L’autre jour, dans les Landes, j’ai croisé un type que j’ai connu en prison, un “vieux”. Il m’a dit qu’il était vachement mieux là-bas. Il ne se fait jamais contrôler, alors qu’à Paris c’était tous les cent mètres.
« Des têtes de suspects »
« A l’âge que j’ai aujourd’hui [30 ans], on ne me contrôle plus autant qu’avant. Quand j’étais plus jeune, les flics me contrôlaient pour rien. Je me sentais oppressé. Souvent, ils essayaient de me pousser à bout. Je m’en fiche qu’ils me contrôlent, je n’ai pas forcément de choses à me reprocher. C’est la manière dont ils parlent qui m’énerve : “petit con”, “petit PD”. Certains s’emportent vite. A Aubervilliers, maintenant ça va. La police passe et repasse, mais ils nous connaissent. Ils ne nous contrôlent plus. Mais dès qu’on est avec des gens qu’ils n’ont jamais vus, comme mes potes du 77, ils contrôlent : “T’habites où ?”, c’est tout ce qu’ils veulent savoir. Pareil pour nous, quand on va dans un autre quartier, on se fait contrôler. On doit avoir des têtes de suspects… Ce sont les aléas de la vie. L’autre jour, dans les Landes, j’ai croisé un type que j’ai connu en prison, un “vieux”. Il m’a dit qu’il était vachement mieux là-bas. Il ne se fait jamais contrôler, alors qu’à Paris c’était tous les cent mètres. »

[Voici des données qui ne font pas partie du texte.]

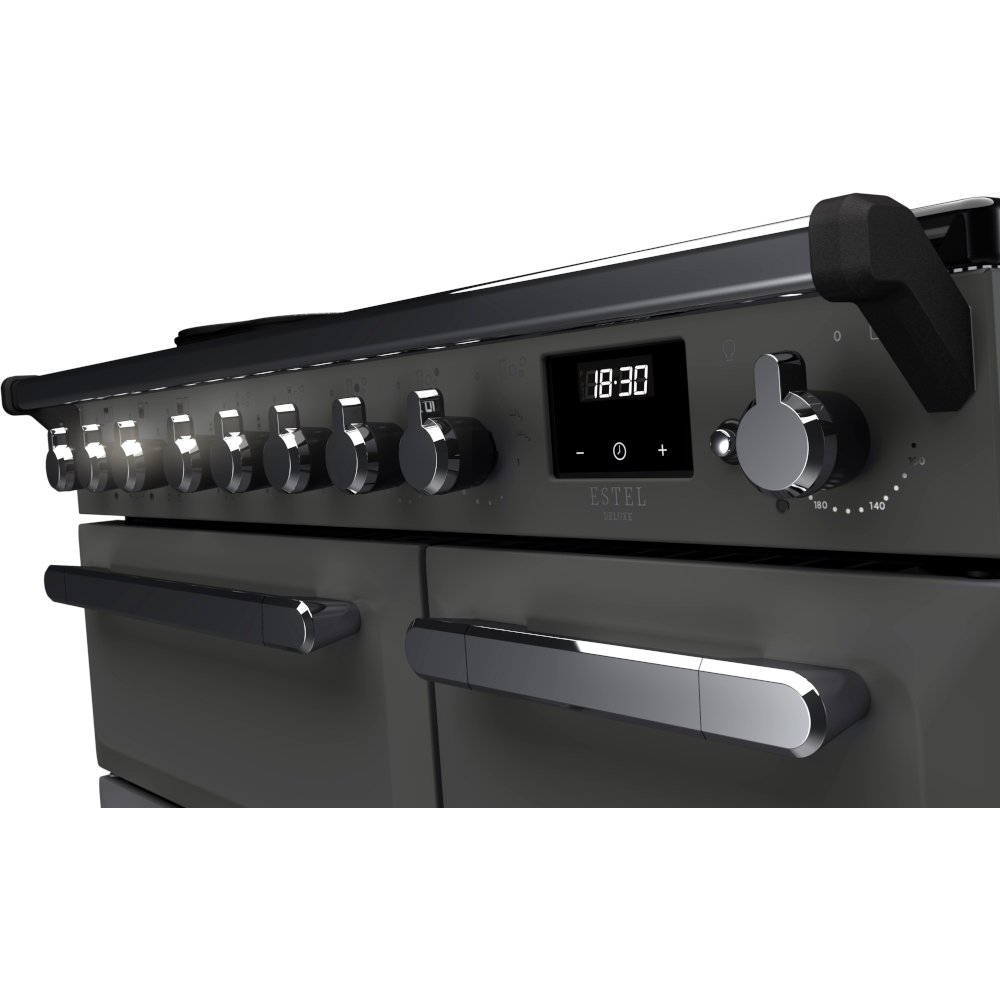 Rangemaster ESDL90EIPSLT/CM1 90cm Induction Range Cooker Estel Deluxe Slate / Chrome, A Rated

« Parfois t’es à poil en début de mois. Mais tu fais comme tout le monde, t’attends »
« Je suis sorti il y a 18 mois sous bracelet électronique. Ma résidence était chez ma mère, j’avais pas encore d’appart à moi. Pour sortir plus tôt, si t’as pas un travail ou une promesse d’embauche, c’est foutu. Alors j’avais trouvé un boulot à Bondy, grâce à la Maison de la jeunesse et du service public. Ma vie c’était ça : je taffais, je rentrais, je dormais ; je taffais, je rentrais, je dormais… Au bout de dix mois, j’avais de l’argent de côté, personne ne me l’avait donné, il était à moi. J’ai travaillé comme ça pendant un an sur un chantier, puis mon contrat s’est terminé et on m’a enlevé mon bracelet.
Aujourd’hui j’habite un F2 dans le privé avec ma copine, ses parents se sont portés garants. C’est pas très loin d’Aubervilliers. Je m’investis pas mal dans une association culturelle qui organise aussi des ateliers CV, de lettres de motivation… Faut que je retrouve un travail. J’ai passé mon permis cariste, j’essaie de dégotter d’autres formations, ça me ferait plus de diplômes. J’aimerais bien jongler : faire cariste la nuit et maçon au black la journée. Après, si j’ai la possibilité d’ouvrir une petite boîte, je le ferai, mais chaque chose en son temps. En attendant, j’ai bien compris la vie : tu taffes, tu touches ta paye. Après y’a les courses, le loyer à payer et les meubles à acheter. Parfois t’es à poil en début de mois. Mais tu fais comme tout le monde, t’attends le suivant. »
* Le prénom et la ville d’origine ont été changés.